> **What this task involves**
A word-for-word copy of the line containing "Diy cheap simple" and every following line to the end of the data below is all the answer should hold.

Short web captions
=== Begin Enclosure ===
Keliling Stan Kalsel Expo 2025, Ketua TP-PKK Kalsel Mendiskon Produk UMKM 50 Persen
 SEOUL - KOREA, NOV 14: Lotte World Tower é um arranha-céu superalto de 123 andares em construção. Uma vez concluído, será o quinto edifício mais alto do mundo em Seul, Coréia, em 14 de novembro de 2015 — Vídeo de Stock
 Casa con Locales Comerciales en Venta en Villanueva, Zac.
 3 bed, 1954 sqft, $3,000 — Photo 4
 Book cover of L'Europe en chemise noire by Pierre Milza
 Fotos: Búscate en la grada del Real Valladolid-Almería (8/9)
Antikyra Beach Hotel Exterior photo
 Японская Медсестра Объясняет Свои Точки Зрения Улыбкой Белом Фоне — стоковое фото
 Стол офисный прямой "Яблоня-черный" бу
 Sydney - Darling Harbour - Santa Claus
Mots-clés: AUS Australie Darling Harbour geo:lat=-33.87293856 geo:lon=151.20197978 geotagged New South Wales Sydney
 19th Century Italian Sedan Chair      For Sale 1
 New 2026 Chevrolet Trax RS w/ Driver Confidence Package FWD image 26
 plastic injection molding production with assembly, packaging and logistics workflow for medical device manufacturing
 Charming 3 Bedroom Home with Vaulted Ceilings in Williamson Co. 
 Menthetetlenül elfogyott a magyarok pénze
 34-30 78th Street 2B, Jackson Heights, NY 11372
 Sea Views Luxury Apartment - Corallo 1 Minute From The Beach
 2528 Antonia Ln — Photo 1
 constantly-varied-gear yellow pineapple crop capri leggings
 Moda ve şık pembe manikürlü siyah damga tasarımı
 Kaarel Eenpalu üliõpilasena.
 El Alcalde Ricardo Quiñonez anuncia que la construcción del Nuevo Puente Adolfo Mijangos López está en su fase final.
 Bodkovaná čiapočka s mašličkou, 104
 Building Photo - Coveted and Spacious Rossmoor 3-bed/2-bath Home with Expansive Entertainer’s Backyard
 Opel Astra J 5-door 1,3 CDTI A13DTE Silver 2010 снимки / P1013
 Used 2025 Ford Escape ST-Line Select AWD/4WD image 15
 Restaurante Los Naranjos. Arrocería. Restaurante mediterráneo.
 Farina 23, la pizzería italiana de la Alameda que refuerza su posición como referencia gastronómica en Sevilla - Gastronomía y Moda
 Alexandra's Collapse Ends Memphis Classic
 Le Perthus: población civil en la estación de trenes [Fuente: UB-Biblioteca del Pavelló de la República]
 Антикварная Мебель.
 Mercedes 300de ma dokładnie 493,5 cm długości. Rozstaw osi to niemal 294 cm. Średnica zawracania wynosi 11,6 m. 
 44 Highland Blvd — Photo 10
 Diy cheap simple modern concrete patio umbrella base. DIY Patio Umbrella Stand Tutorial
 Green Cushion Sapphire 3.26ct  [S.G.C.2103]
=== End Enclosure ===
> **Your solution**
 Diy cheap simple modern concrete patio umbrella base. DIY Patio Umbrella Stand Tutorial
 Green Cushion Sapphire 3.26ct  [S.G.C.2103]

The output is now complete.